5 Breathing Exercises for Anxiety (Simple and Calm Anxiety Quickly)

Time and time again, we’re told what a powerful tool breathing exercises can be for reducing anxiety and more specifically, the physical effects anxiety has on our body.

Yet how often have you gone hunting to find suitable breathing exercises for anxiety only to bump into a string of complex yoga jargon and techniques that take so long to master that they’re just not fit for purpose?

After all, when you’re in the grip of crippling anxiety or -worse- a full-blown panic attack, you simply don’t have the time to assume the lotus position and start worrying pranayama, whatever that is.

What you need is quick, simple solutions you can apply right there on the spot to relax your breathing and return to feeling calm and in control within seconds.

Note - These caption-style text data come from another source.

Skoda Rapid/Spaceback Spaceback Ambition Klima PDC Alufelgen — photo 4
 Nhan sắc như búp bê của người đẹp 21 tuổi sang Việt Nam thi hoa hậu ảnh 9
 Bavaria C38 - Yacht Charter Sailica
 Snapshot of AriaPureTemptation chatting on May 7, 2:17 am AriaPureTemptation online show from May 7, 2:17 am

Today, we’ll look at five of the best breathing techniques for doing just that, ranging from powerful techniques you can use to curtail anxiety before it escalates, to quick-fixes you can use in an emergency whenever a panic attack strikes.

Why do breathing exercises for anxiety work?

Stop what you’re doing and take a deep breath. Doesn’t it just feel better?

In that moment, you’re focused only on that breath. Your mind isn’t occupied with reading this article, listening to background noise or getting lost in the thousand and one thoughts rushing through your mind. Instead, it’s tuned only to that breath, on the slow, deep inhale and calm, relaxing exhale.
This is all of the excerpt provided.